'Terribly unfortunate circumstances' saw reversing truck knock down and kill woman in Cork city: Driver admits to dangerous driving causing death

'Terribly unfortunate circumstances' saw reversing truck knock down and kill woman in Cork city: Driver admits to dangerous driving causing death

The 49-year-old motorist who admitted dangerous driving causing death was banned from driving for six years and given an 18-month suspended prison term at Cork Circuit Criminal Court. Picture: iStock

“A terribly unfortunate combination of circumstances” saw a woman who had profound deafness being killed when a reversing truck travelling at little more than a walking pace knocked her down.

The 49-year-old motorist who admitted dangerous driving causing death was banned from driving for six years and given an 18-month suspended prison term at Cork Circuit Criminal Court.

Finola O’Farrell (nee Murphy), sister of the deceased Maeve Murphy, 56, gave a victim impact statement on behalf of the family in which she said: “Maeve was the youngest in our family and as she never married and had children of her own, she was central to all our lives. She loved her life and nothing was more important to her than her family, friends and colleagues and everyone adored her.

“She left work that day full of life, to walk the same way she always did, up town and then on perhaps to the gym and home, not knowing what lay ahead of her. The manner in which she died has been of considerable heartache to everyone. She was still so young and (had) so much of her life ahead of her.

“Maeve’s life has been taken from her so swiftly and she will miss out on everything, watching her nieces and nephews grow, and us as a family never having the opportunity to tell her how much we love her and how we miss her every day,” Ms O’Farrell said in her victim impact statement on behalf of the family.

Fortune Chigumira of An Caireal, Carrigtwohill, County Cork, admitted that on February 10 2020 at Smith Street, Cork, he drove dangerously, thereby causing the death of Maeve Murphy. He pleaded guilty to that offence.

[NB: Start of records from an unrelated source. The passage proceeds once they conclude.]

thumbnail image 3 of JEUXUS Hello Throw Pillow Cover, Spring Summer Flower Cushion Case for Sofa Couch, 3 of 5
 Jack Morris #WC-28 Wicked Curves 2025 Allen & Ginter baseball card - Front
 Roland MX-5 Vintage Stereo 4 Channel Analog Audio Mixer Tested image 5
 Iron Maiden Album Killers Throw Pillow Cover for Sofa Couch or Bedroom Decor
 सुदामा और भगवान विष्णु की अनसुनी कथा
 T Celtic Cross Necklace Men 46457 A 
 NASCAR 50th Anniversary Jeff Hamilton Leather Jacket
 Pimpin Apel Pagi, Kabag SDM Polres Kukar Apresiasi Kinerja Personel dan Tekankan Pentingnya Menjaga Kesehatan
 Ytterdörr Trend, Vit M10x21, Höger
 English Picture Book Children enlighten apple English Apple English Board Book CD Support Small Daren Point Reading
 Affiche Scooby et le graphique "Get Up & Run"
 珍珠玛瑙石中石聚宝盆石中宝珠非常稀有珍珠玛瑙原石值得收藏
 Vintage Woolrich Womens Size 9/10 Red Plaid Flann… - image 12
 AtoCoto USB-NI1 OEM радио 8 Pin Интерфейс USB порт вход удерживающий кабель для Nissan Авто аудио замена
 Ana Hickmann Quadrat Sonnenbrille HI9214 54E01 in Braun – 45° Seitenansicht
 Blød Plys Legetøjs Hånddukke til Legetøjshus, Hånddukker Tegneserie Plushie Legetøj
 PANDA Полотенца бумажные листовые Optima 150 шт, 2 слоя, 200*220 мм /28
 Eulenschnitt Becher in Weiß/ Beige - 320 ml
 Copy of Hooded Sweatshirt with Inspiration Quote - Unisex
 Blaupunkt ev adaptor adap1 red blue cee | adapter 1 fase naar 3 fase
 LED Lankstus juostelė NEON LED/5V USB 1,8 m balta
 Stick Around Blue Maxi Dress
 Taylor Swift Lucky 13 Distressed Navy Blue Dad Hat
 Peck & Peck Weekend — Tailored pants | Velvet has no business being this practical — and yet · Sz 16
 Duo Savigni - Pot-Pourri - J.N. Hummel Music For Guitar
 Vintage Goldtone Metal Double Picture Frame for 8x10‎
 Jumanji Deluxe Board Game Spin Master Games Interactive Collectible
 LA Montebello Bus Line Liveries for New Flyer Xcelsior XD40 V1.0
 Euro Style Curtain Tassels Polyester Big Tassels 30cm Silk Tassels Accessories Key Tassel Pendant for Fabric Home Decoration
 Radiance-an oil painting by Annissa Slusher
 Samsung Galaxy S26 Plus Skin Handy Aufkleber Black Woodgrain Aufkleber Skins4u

Garda Richard O’Sullivan said Mr Chigumira was driving the Renault rigid truck that Monday afternoon and was about to make deliveries on Oliver Plunkett Street and decided to reverse the vehicle down Smith Street from South Mall.

“It was his first day on the job in that courier firm. He was making the last deliveries of that day. He was on South Mall. He reversed on to Smith Street. He was reversing the wrong way down a one-way street at 7.48 kilometres per hour. He reversed rather than driving down thinking this would be less intimidating to other road users. He travelled 77 metres the wrong way down a one-way street.

“The injured party who was 56 was deaf since birth and was walking on the street. She was on her phone. She left the footpath and continued walking towards the pedestrian area. She was 20 seconds on the road and Mr Chigumira reversed over Ms Murphy and she received multiple injuries and died a short time later in hospital,” Garda O’Sullivan said.

Donal O’Sullivan, prosecution barrister, suggested, “It was a terribly unfortunate combination of circumstances – he reversed down the street and Ms Murphy was profoundly deaf.” 

Garda O’Sullivan agreed with that description of what occurred. The guard added that the speed of truck was only just above walking pace.

Emmet Boyle, defence barrister, said the Zimbabwean national who has been living in Ireland for 20 years where he is married with three children has always worked with driving or mechanics. He was very remorseful and cooperative.

Mr Boyle said of the accused, “He did not abrogate responsibility. This had devastating effects on himself and most importantly on the family of the injured party.” 

Judge Seán Ó Donnabháin accepted the defendant was a hardworking man and was traumatised by what occurred.

“But going down the wrong way down a side street, the level of recklessness, the level of danger was significant. He was well below the standard of what would be expected of a competent driver carrying out this work,” he said.

The judge also said the loss of Ms Murphy to her family was incalculable.

Judge Ó Donnabháin said a prison sentence would not be appropriate but that to mark the seriousness of it he would impose an 18-month term which was suspended. He was disqualified from driving for six years from June 30.